I'm working on a project that need to parse various syntactivally invalid programs, which are generated by randomly inserting a consecutive token list to the seed program, or deleting some tokens from it. I want to parse such invalid programs into incomplete parse trees. Take the following code snippet as an example:

{
 printf("hello");
 int 
}

There is no identifier after int.

Can I force Antlr to parse it into a partially correct tree like this?

- code snippet
  - LeftBrace             {
  - ExpressionStatement   printf("hello");
  - unknown node          int
  - RightBrace            }

Another example:

    {
     printf("hello");
    }(

There is a redundant ( after the statement. Here is what I want:

 - code snippet
  - LeftBrace             {
  - ExpressionStatement   printf("hello");
  - RightBrace            }
  - unknown node          (

CodePudding user response:

Depending upon the degree to which you want to recognize "bad" input, ANTLR does this by default.

One of ANTLR's features is it's error recovery process, and it will do just this sort of token insertion and token ignoring in an attempt to parse your input. The DefaultErrorStrategy will ignore or insert single tokens in an effort to recover parsing. If that doesn't work, it will consume tokens (ignoring them) until it finds a valid "next token" and continue processing. It should be clear, that the worse the input deviates from valid input, the less we should expect from error recovery.

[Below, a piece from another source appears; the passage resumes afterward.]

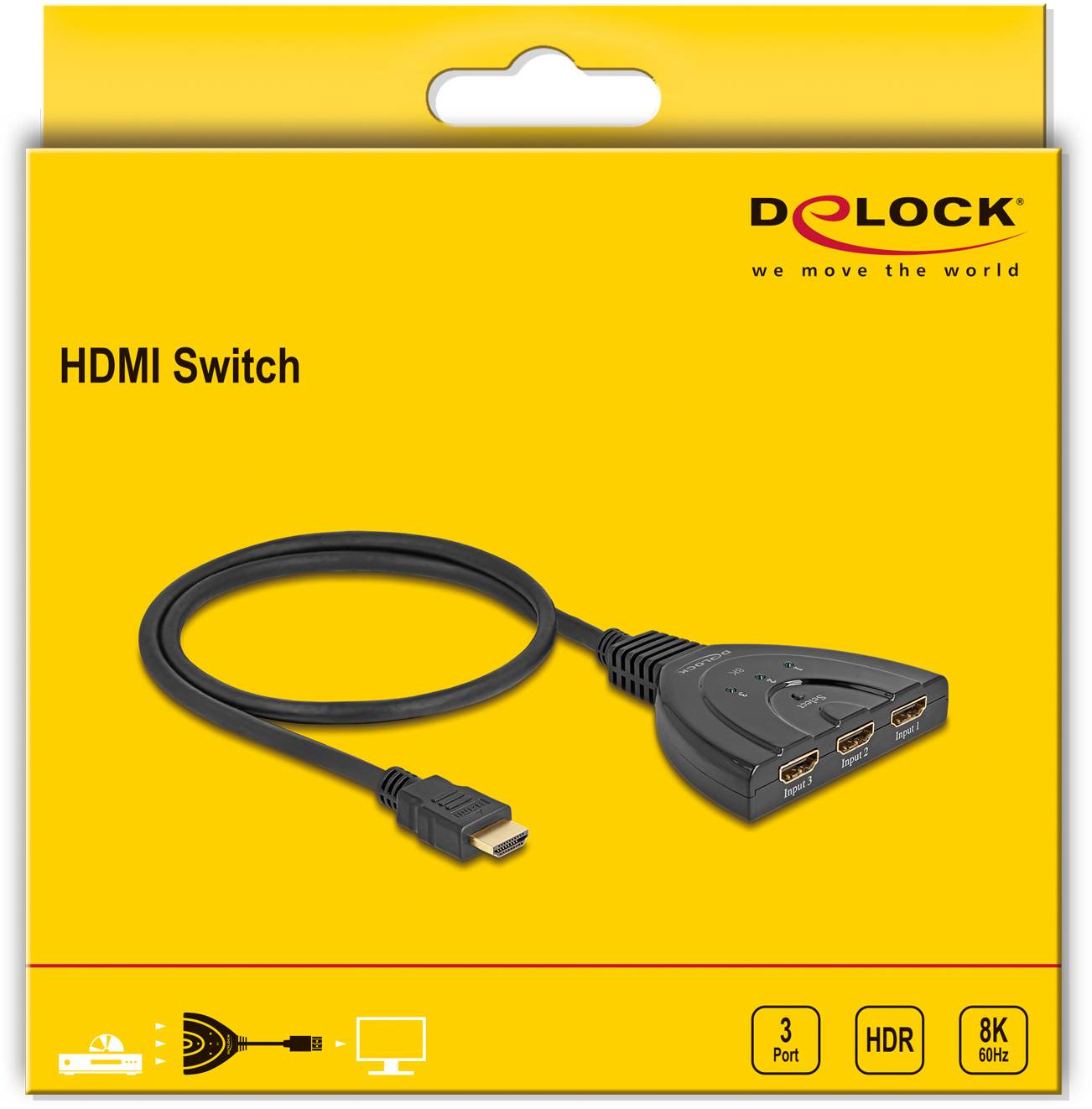 Delock 18649 HDMI stikalo ultra HD-2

It will, of course, recognize errors at those points of the input, but I would assume you want to retain that behavior. Of course, you can put your own ErrorHandler in place and override that behavior.

You can also provide your own implementation of ANTLRErrorStrategy. (Possibly extending the DefaultErrorStrategy that is already very good and a focus of much attention in ANTLRs development.)

Error recovery is covered pretty extensively in The Definitive ANTLR 4 Reference. If you're going to do much in-depth with ANLTR (as you question implies), I'd suggest this book is pretty much "mandatory reading"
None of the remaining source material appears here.